How to complete this task => The full listing, word for word and free of images, is the expected result.

Dataset section =>
Start of Block
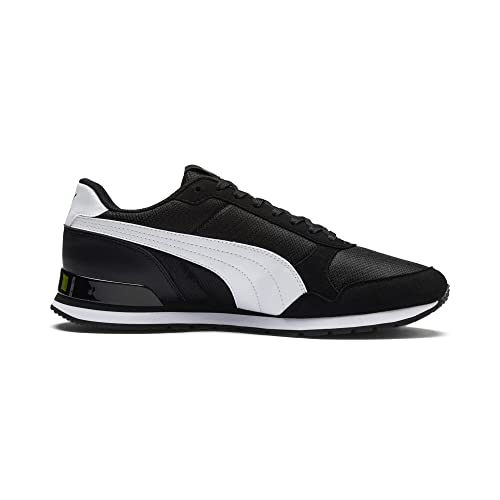 PUMA PUMA Unisex ST Runner v2 Mesh Sneakers, Black White, 10.5 US Women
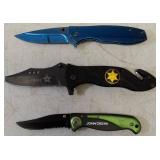 3 Foldable Pocket Knives - (1) Blue - 3CR13 Steel Blade (1) Sheriff Knife (1) John Deere Knife (View Photos)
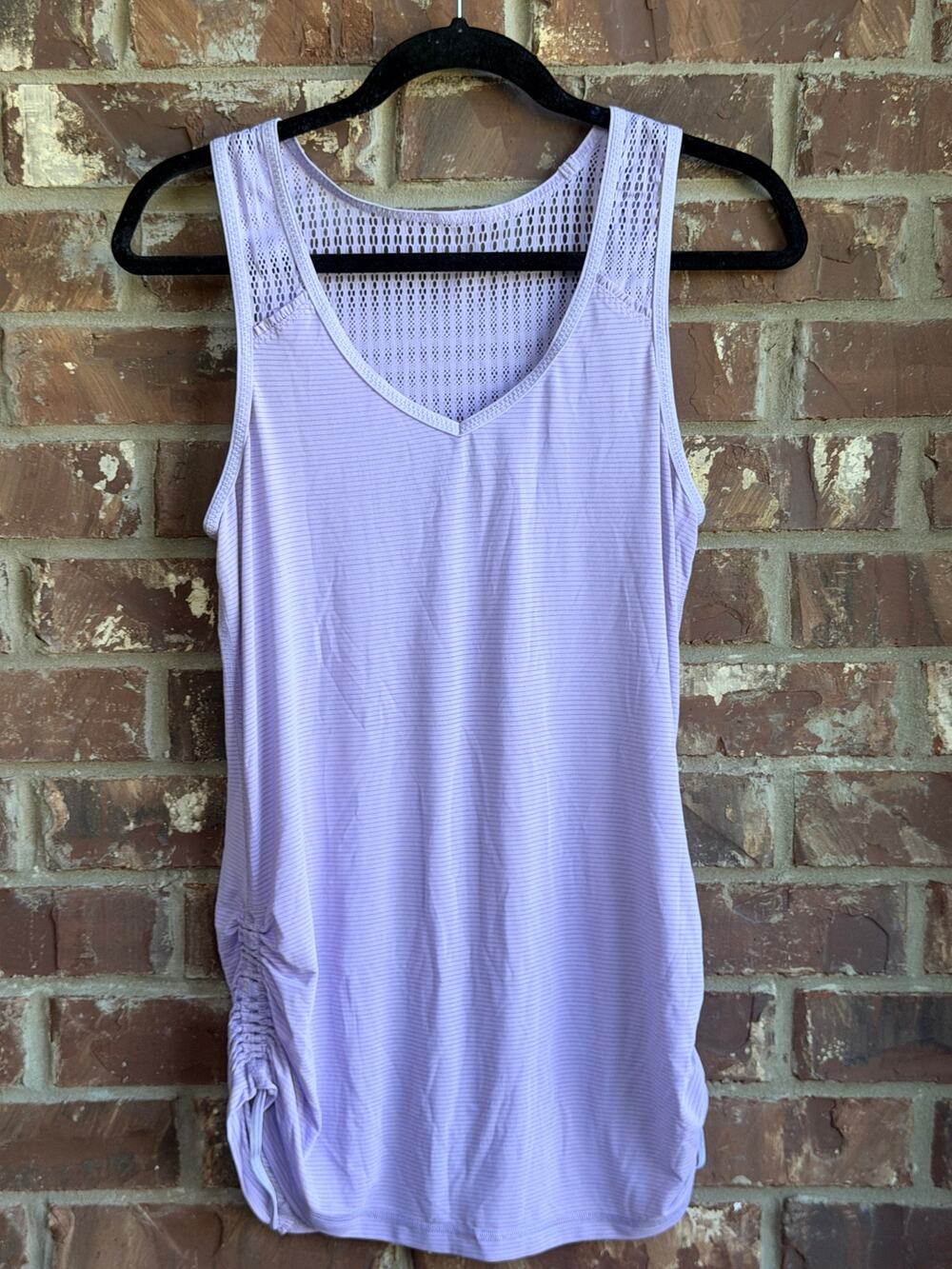 Lululemon Women's Purple V Neck Mesh Back Ruched Running Tank Top 16" P2P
End of Block
Result of this exercise =>
 PUMA PUMA Unisex ST Runner v2 Mesh Sneakers, Black White, 10.5 US Women
 3 Foldable Pocket Knives - (1) Blue - 3CR13 Steel Blade (1) Sheriff Knife (1) John Deere Knife (View Photos)
 Lululemon Women's Purple V Neck Mesh Back Ruched Running Tank Top 16" P2P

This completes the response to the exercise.